Nada fue casualidad. Todo obedeció a una estrategia calculada por los arquitectos ideológicos del PP, un partido que se mueve en la crispación como gorrino en cochiquera. Desde la calle Génova han sido constantes los intentos por resucitar la extinta sombra de ETA, por traer de vuelta aquellos días sombríos de sangre y de dolor, para situar a los ciudadanos frente a la amenaza del terrorismo y erigirse, de nuevo, como la única solución frente al ruido de las bombas. Por el sumidero de la disolución de ETA también se desparramó buena parte del argumentario del PP, y desde entonces han tratado de encontrar en Cataluña un sustituto de calado para recuperar ese voto tan rentable resultante de una mezcolanza de odio, miedo y venganza.

Decía Aznar que sin violencia se podía hablar de todo, pero la realidad es que el proceso soberanista, donde millones de personas se han manifestado sin romper ni una papelera, ha encontrado permanentemente la callada por respuesta. Dos coches de la Guardia Civil son presentados, como si de seres dolientes se trataran, como la prueba tangible de la hostilidad independentista, mientras que las porras de la policía que abrieron brecha el 1 de octubre fue una “respuesta proporcionada” ante la terrible amenaza de las urnas de destrucción masiva, que diría aquel.

El discurso de la derecha ha conseguido permear en todos los estratos de la sociedad, en buena parte por la verborrea goebbeliana de los gerifaltes del PP, en otro tanto por la labor propagandística de los medios de comunicación, que han desdibujado la realidad de Cataluña hasta la caricatura y, por último, pero con tanto peso como las dos anteriores, por el asombro pasmoso de la izquierda española. Resulta sorprendente contemplar como aquellos que llevan toda la vida clamando contra la deslegitimad del régimen del 78 han dedicado sus esfuerzos a apuntalar los cimientos que sostienen la transición postfranquista, en lugar de ayudar a ensanchar la espita que el soberanismo había logrado abrir en la hasta entonces inexpugnable restauración borbónica. A lo largo de estos últimos 40 años, la izquierda española ha renunciado a tantos de sus principios fundacionales que ahora es tarea complicada encontrar los últimos granos de materialismo dialéctico entre tanta paja posmoderna. Sobre ellos también recaerá la responsabilidad de recomponer todo lo que durante estos años se ha roto entre Cataluña y España, con la complicidad de los que han mirado hacia otro lado, ausentándose de un escenario donde se ha echado en falta la tan cacareada solidaridad entre los pueblos de la que solía hacer bandera la zurda del arco parlamentario.

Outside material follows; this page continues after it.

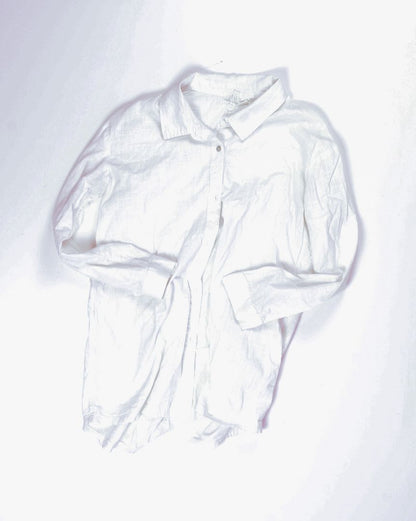 White Roxy Button Down, S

Han transcurrido tres semanas desde que empezara el juicio contra los líderes independentistas y todavía no hemos escuchado ni una sola palabra de la izquierda política contra este vodevil que se viste de toga. De la intelectualidad, mejor ni hablamos. Joaquín Sabina aprovechó el pregón del carnaval de Cádiz, -insisto; de Cádiz- para cargar contra Torra y Puigdemont, así que esperar unas palabras de su domesticado verbo contestatario sería iluso hasta para los ingenuos como yo.

Sea por convencimiento personal, por interés profesional o por estrategia electoral, unos y otros están tratando de pasar de puntillas sobre el proceso judicial, pero se equivocan si creen que con ello contribuyen al empoderamiento democrático y a la separación de poderes.

Los que están sentados en el banquillo son los líderes que se afanaron para que los ciudadanos pudieran opinar con libertad sobre el futuro de Cataluña, su configuración política y su forma de relación con el estado, pero si somos capaces de mirar más allá de la carne y de los huesos, veremos que la sentencia ya está escrita; para ese grupo de mujeres y hombres, condenados de antemano, pero también para la democracia española, que ha demostrado, como cantaba Gardel, que 40 años no es nada y que muy lejos de la madurez que se le debería suponer a sus hechuras de mediana edad, continúa siendo un adolescente, que en lugar de atajar un problema político con soluciones políticas y más democracia, ha optado por el autoritarismo que tan bien ha aprendido de sus padres fundadores.